Z Wikiźródeł, wolnej biblioteki
Ta strona została przepisana.

Ale powiedziano mu, że pan administrator jest już u siebie w domu, więc musiał rad nie rad spotkać i kobiety.
Powitano go serdecznie, choć bez wielu słów, a Muszka tak spojrzała poczciwie, że go nagle łzy zdusiły w gardle i długą chwilę głosu nie mógł wydobyć.
Usiadł u stołu, i zwiesiwszy głowę, milczał. Tym ludziom skarżyć się nie potrzebował, bo oni rozumieli i znali jego ból.
Wreszcie Barcikowski głośno westchnął i rzekł:
— Ha, no. Dwie śmierci mieliście — tylko, że jedno w niebie spoczęło, a dla drugiego piekło się rozpocznie.
— Jakie znów piekło! — żachnął się Filip. — Jemu będzie dobrze. Taki wielki pan, dygnitarz, zakochany w żonie, pewny awansów i czynów, będzie miał jedwabne życie.
— A wyrzuty sumienia? — wtrąciła ciocia Barcikowska.

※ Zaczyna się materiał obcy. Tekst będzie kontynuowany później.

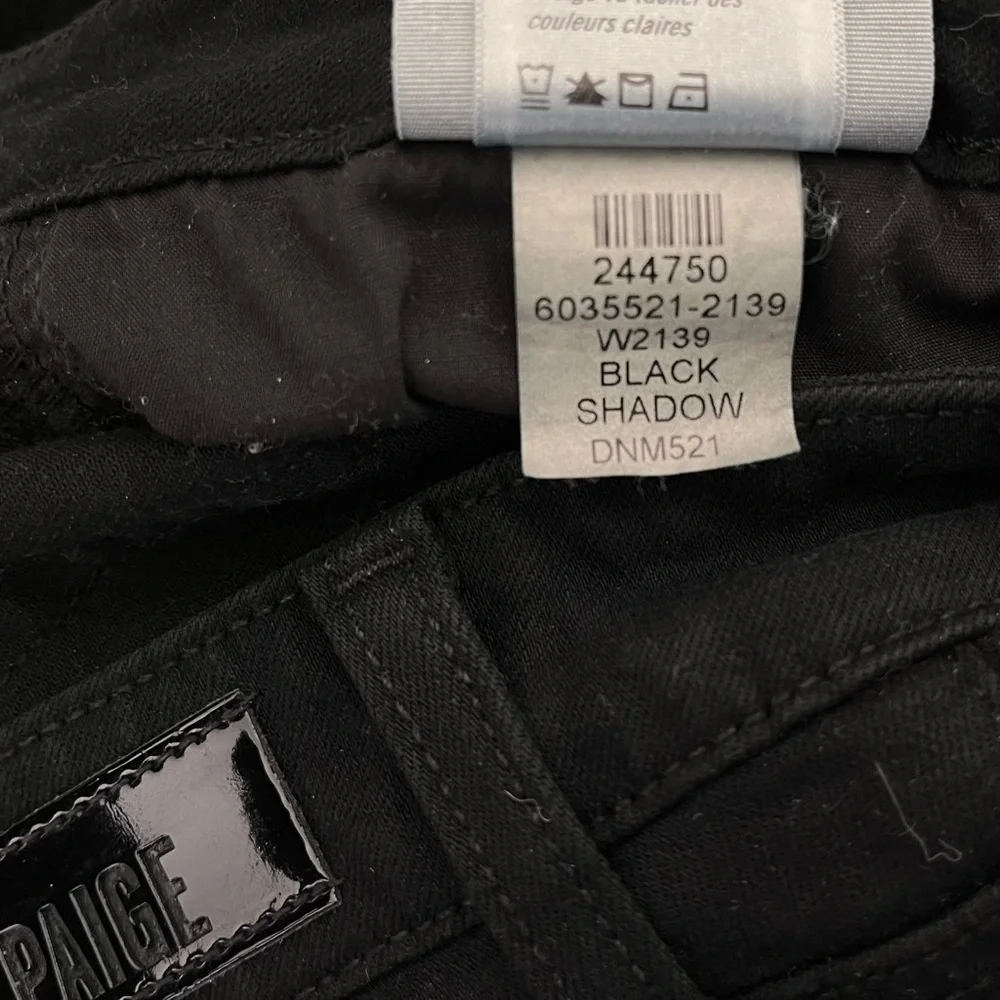 PAIGE Women's Hoxton Straight Leg‎ Black Shadow Jeans Size 29 - Picture 11 of 15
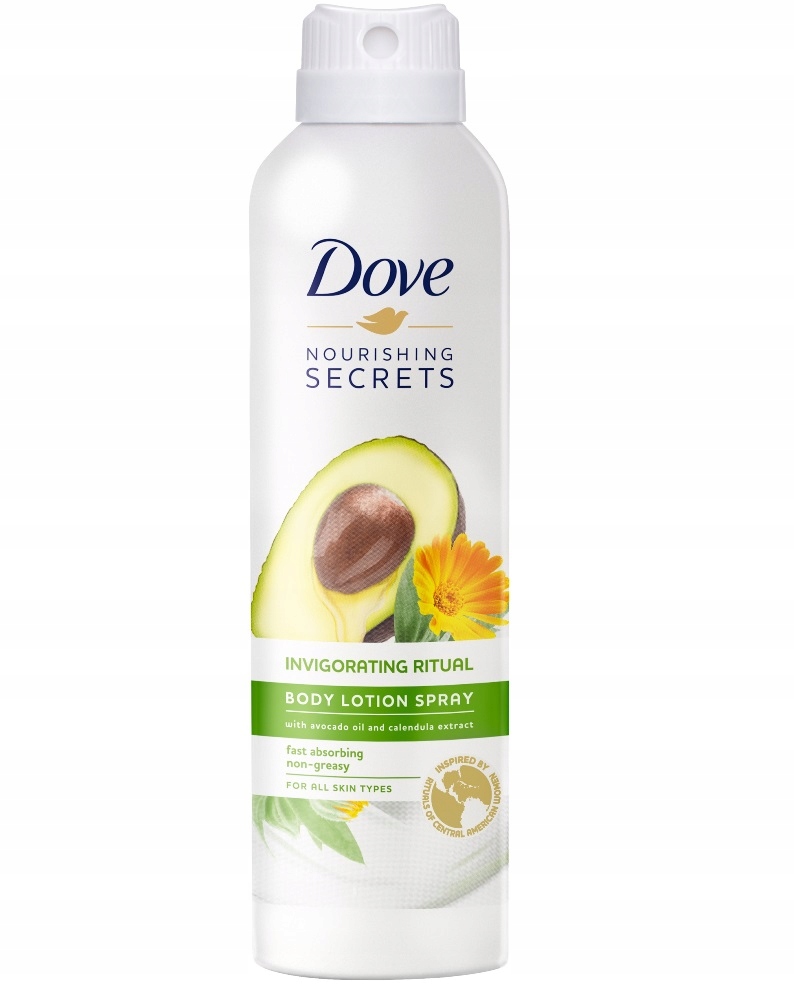 DOVE Body Lotion Spray Avocado and calendula 200 m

— Ech, on od tego ubezpieczony swą grubą skórą. Ba, żeby babka naprawdę mu wyprorokowała ten dół za płotem cmentarza.
— I panby mu tego życzył? — rzekła Muszka.
— Uwierzyłbym, że Bóg jest sprawiedliwy — odparł, podnosząc na nią zacięte oczy.
— Jest Bóg i sprawiedliwy. O tem nie wątpij! — rzekł uroczyście Barcikowski. — Nie było żadnej wieści od niego, na tę depeszę, coście mu zostawili?
— Nie. Jego to już nic nie obchodzi. Może chyba po spadek po matce się zgłosi.
— Prawda, toć się dzielić musicie. Jakże to będzie?